Working with processes¶
In openEO, a process is an operation that performs a specific task on a set of parameters and returns a result. For example: one wishes to apply a statistical operation such as mean or median on selected EO data. A process is similar to a function or method in common programming languages and likewise, multiple processes can be combined or chained together into new, more complex operations.
A pre-defined process is a process provided by a given backend.
These are often the processes defined centrally by openEO,
including but not limited to common
mathematical (sum
, divide
, sqrt
, …),
logical (and
, if
, …), statistical (mean
, max
, …),
image processing (mask
, apply_kernel
, …)
operations.
Backends are expected to support most of these.

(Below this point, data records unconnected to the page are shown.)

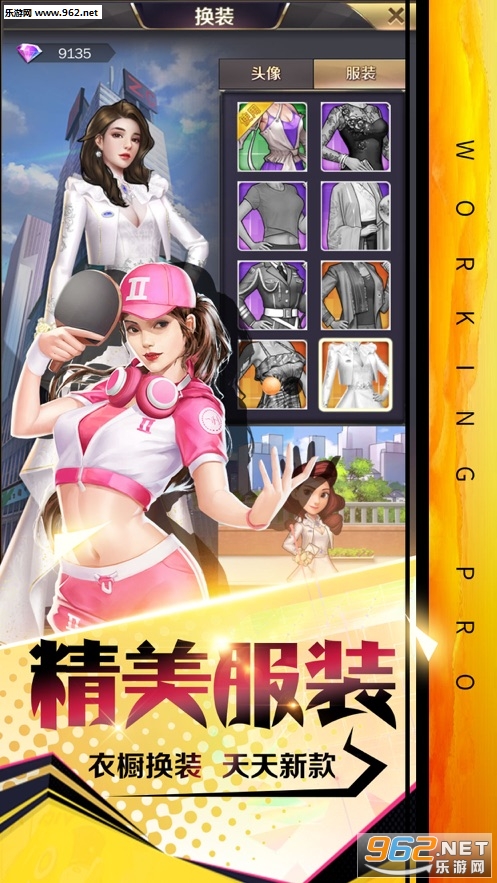 打工高手无限金币版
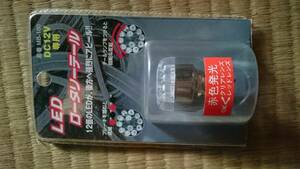 LED ロータリー テール くるくるテール クルクル テール 新古品 12V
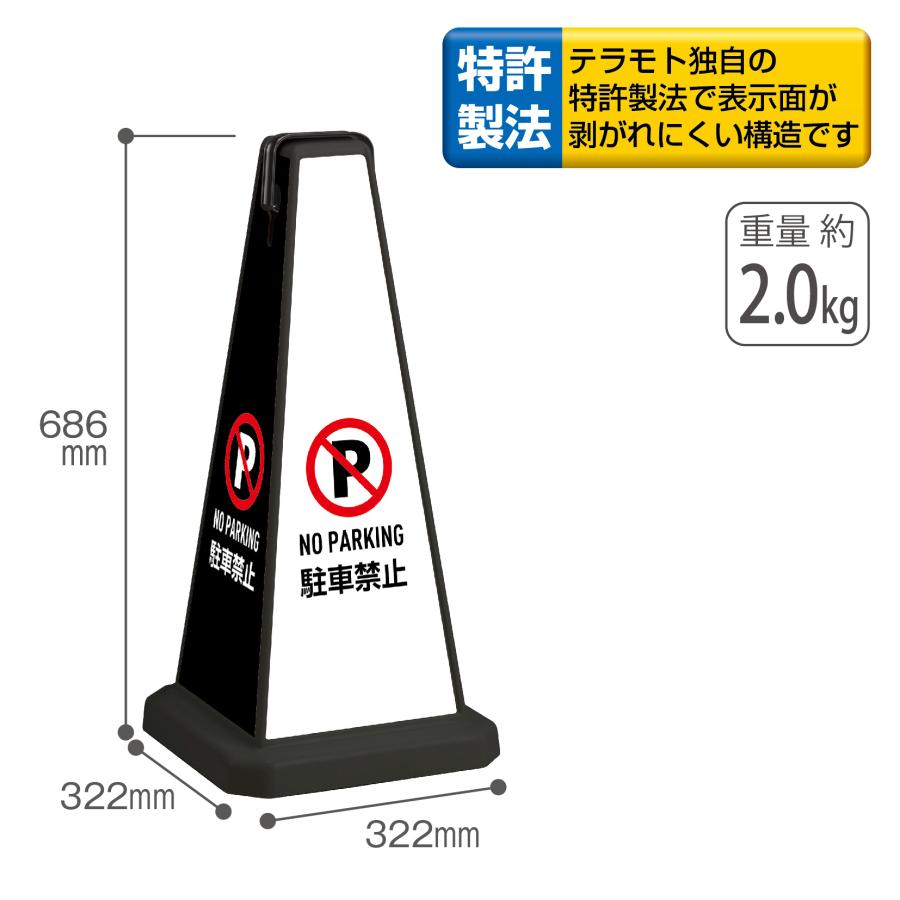 テラモト公式 看板 駐車禁止スタンド ポール カラーコーン 三角 駐車場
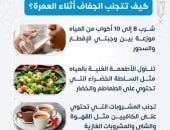 وزارة الصحة توضح ارشادات هامة للمعتمرين للحماية من الجفاف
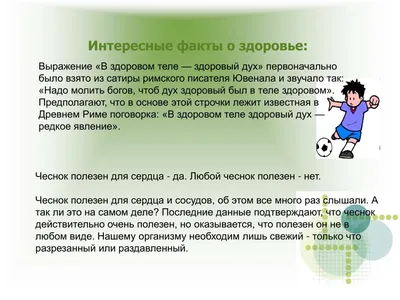 В здоровом теле- здоровый дух! | ermak-surgut.ru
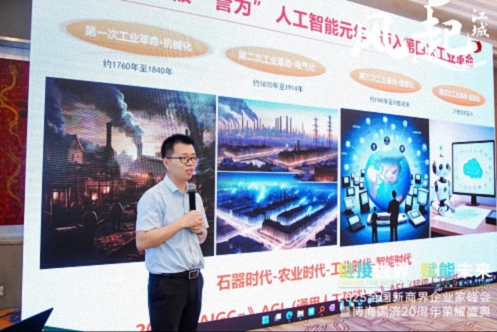 风起江城丨链接世界 赋能未来 · 2025全国新商界企业家峰会暨博海国济20周年荣耀盛典活动纪实（学习篇）871.jpg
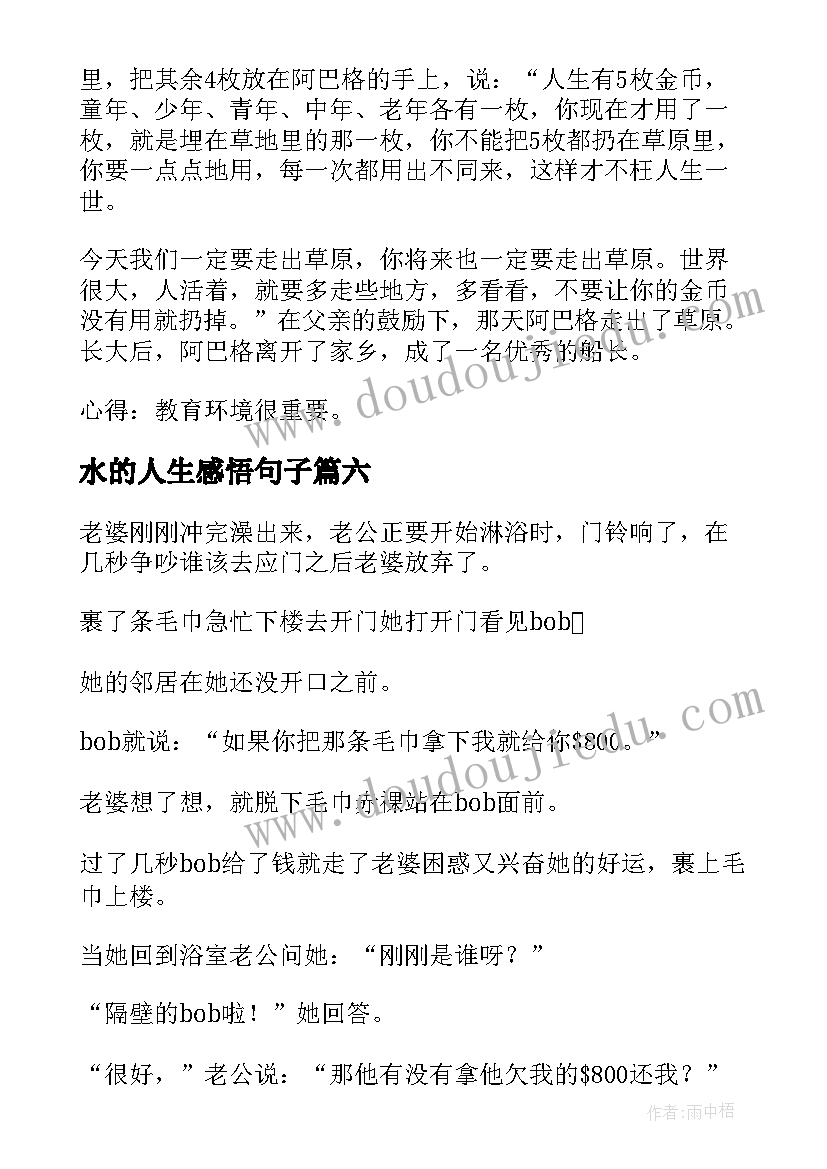 2023年水的人生感悟句子 人生哲理故事(优质9篇)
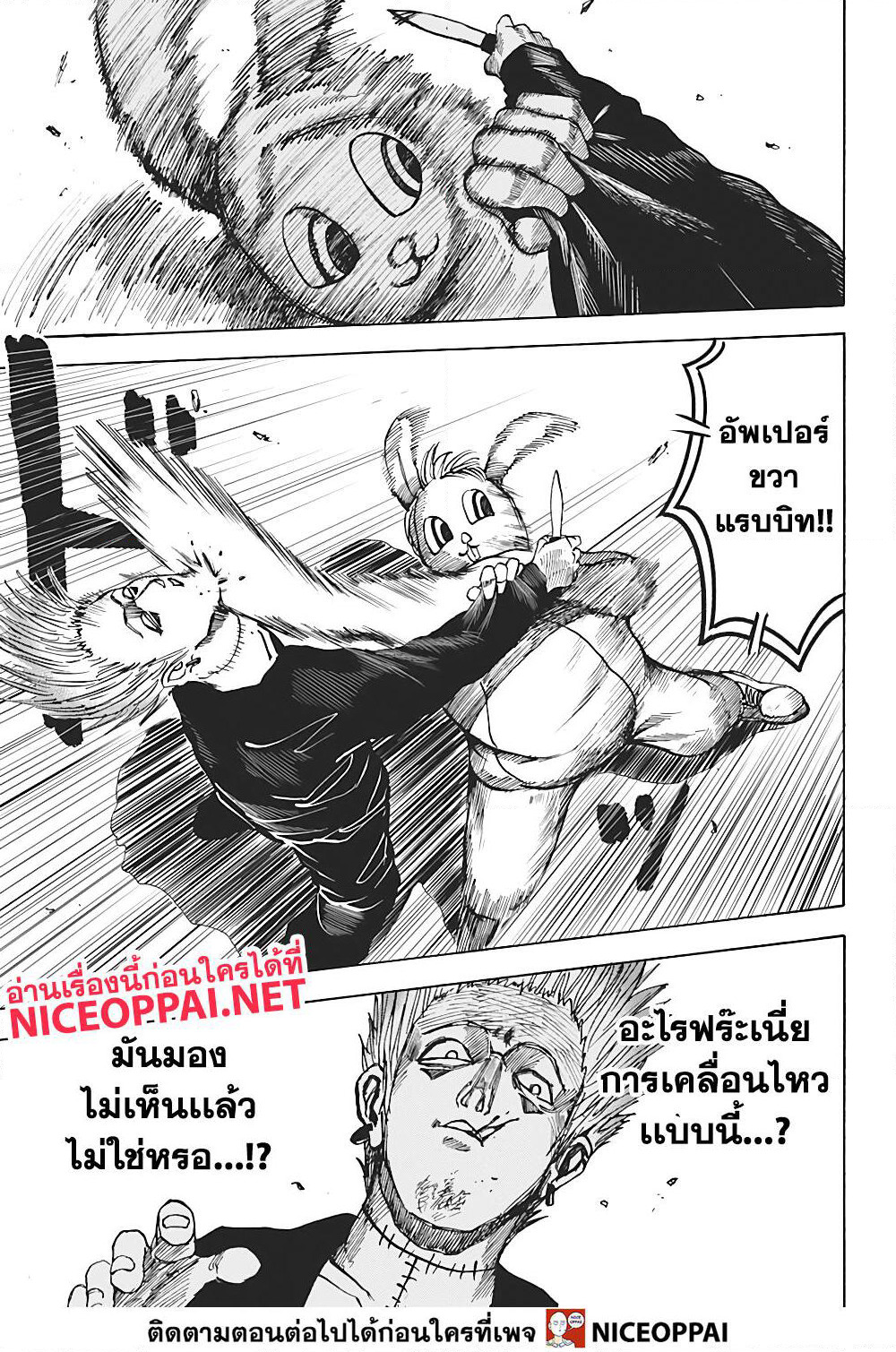 Sakamoto Days page 15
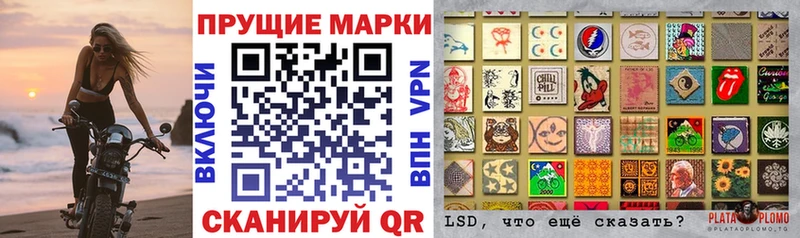 Марки 25I-NBOMe 1,5мг  Купить  Ессентуки 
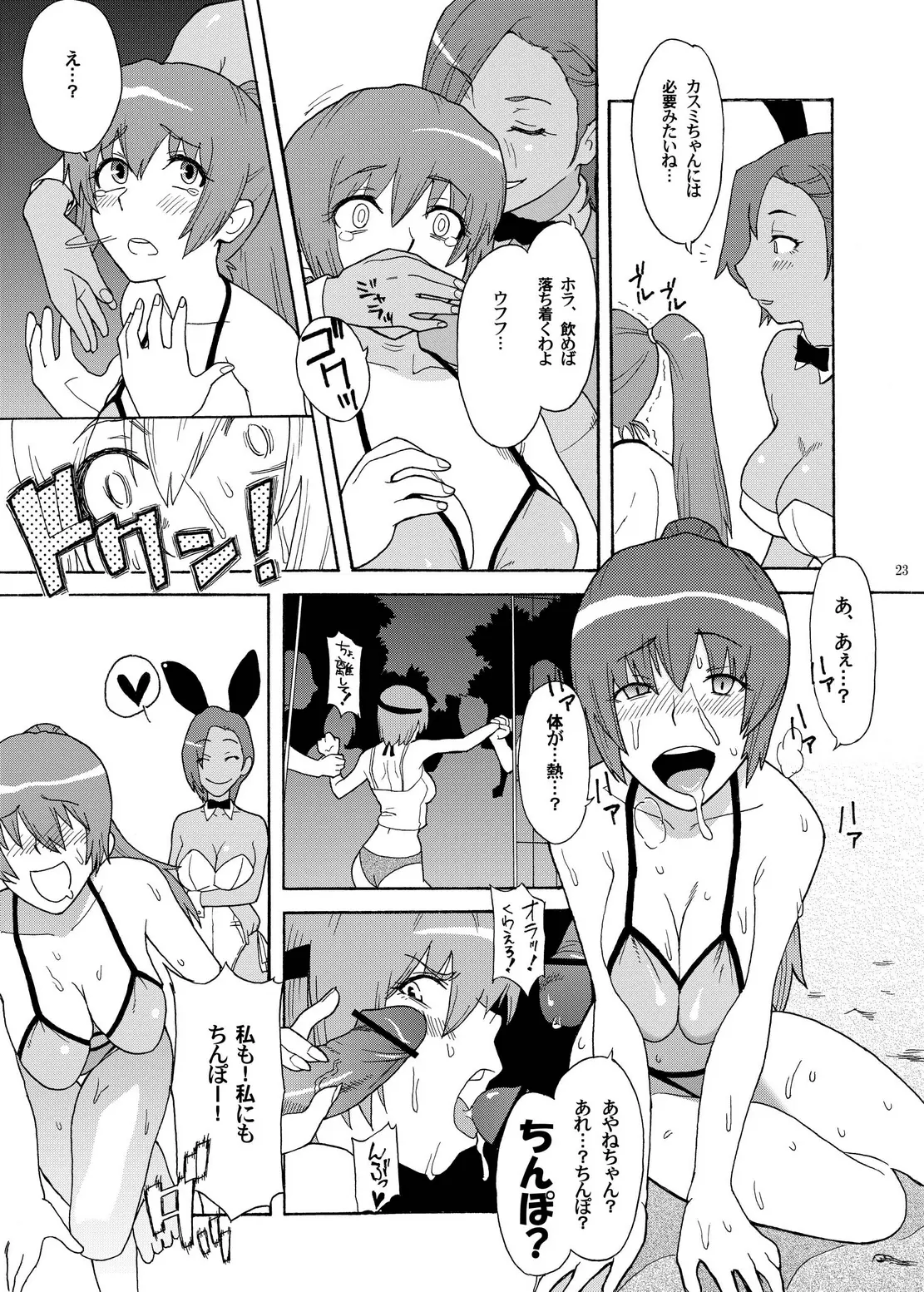 웹툰 이미지 22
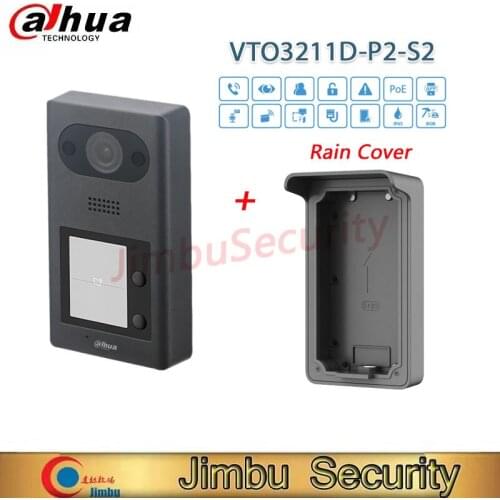 DH Standard PoE button door lock VTO3211D-P2-S2 illumination and night vision smart electric lock alarm VTM07R Rain Cover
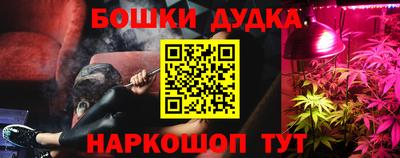 бутират Мариинск
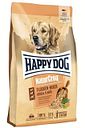 Vorschaubild HAPPY DOG NaturCroq Flocken Mixer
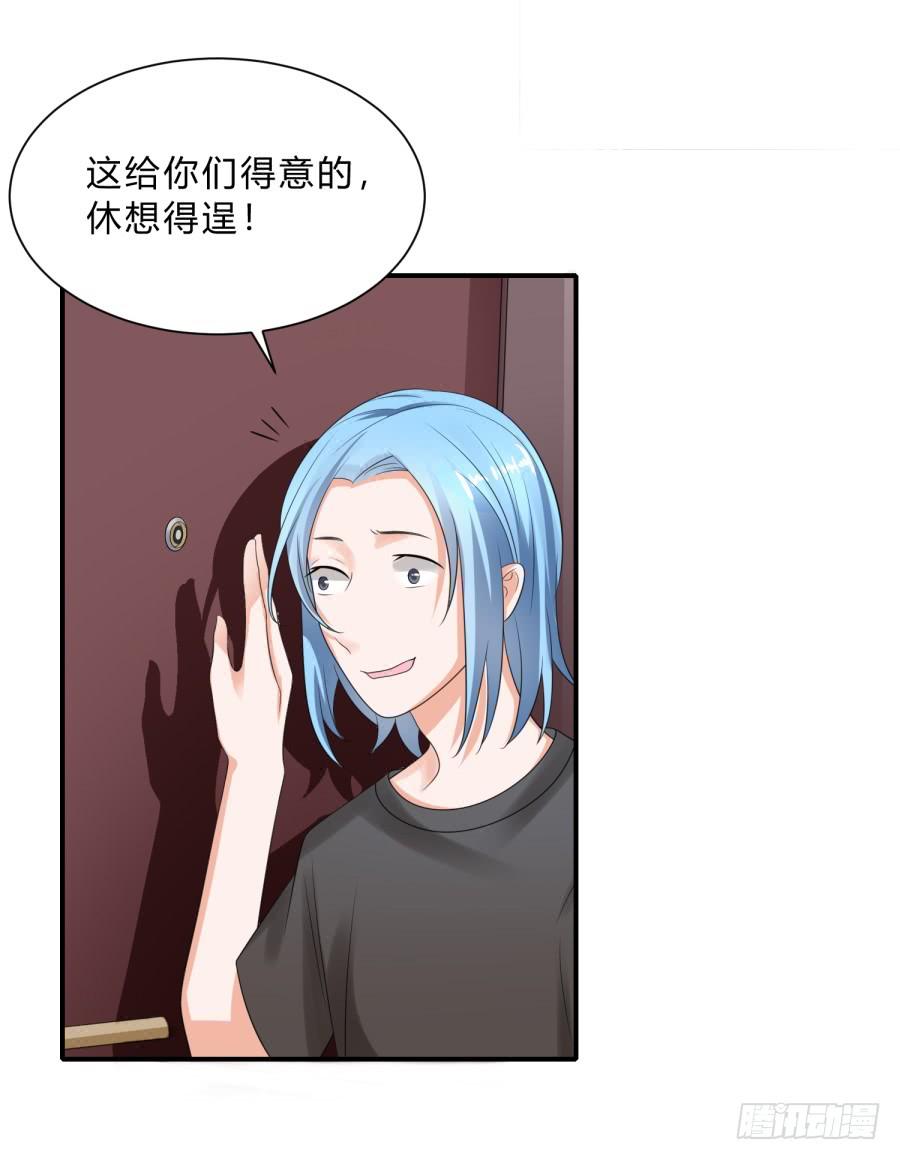 《水货妖精太磨人》新秀设计大赛 第19页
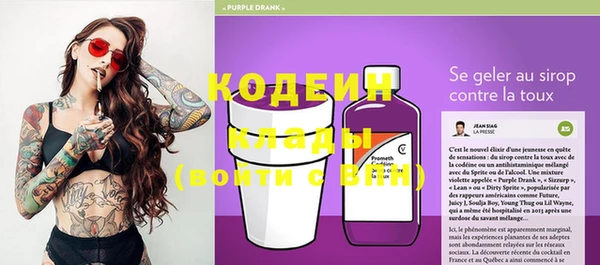 spice Липки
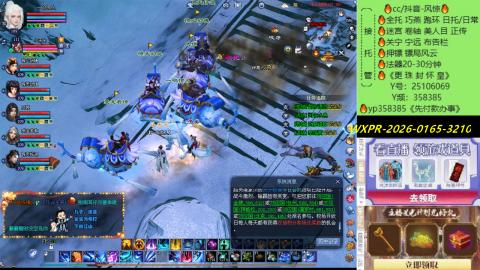 接托管-看直播/星光领积分兑好礼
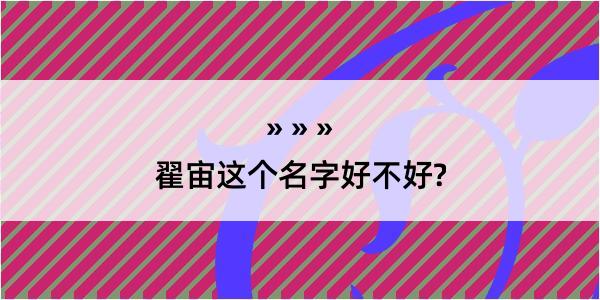 翟宙这个名字好不好?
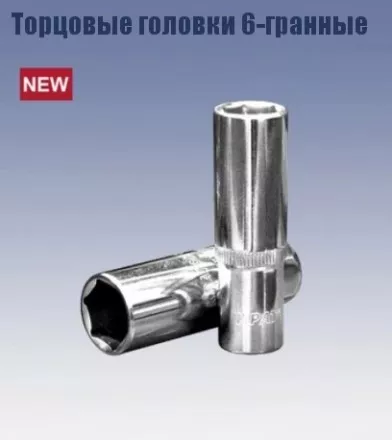 Головка торцевая удлиненная 1/4&quot; 4x50 мм (6-гранная) Кратон 2 28 03 001 купить в Ноябрьске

Backends are also free to pre-define additional processes that are
not (yet) centrally defined by openEO.
As noted above, processes can be combined into a larger, reusable unit and stored on the backend as a user-defined process. Note: don’t confuse user-defined processes with user-defined functions (UDF’s) in openEO, which is a mechanism to inject actual source code (for example Python code) into a process for fine-grained processing.
How processes are combined into a larger unit is internally represented by a so-called process graph. It describes how the inputs and outputs of process graphs should be linked together. A user of the Python client should normally not worry about the details of a process graph structure, as most of these aspects are hidden behind regular Python functions, classes and methods.
Using common pre-defined processes¶
The listing of pre-defined processes provided by a backend
can be inspected with list_processes()
.
For example, to get a list of the process names (process ids):
>>> process_ids = [process["id"] for process in connection.list_processes()]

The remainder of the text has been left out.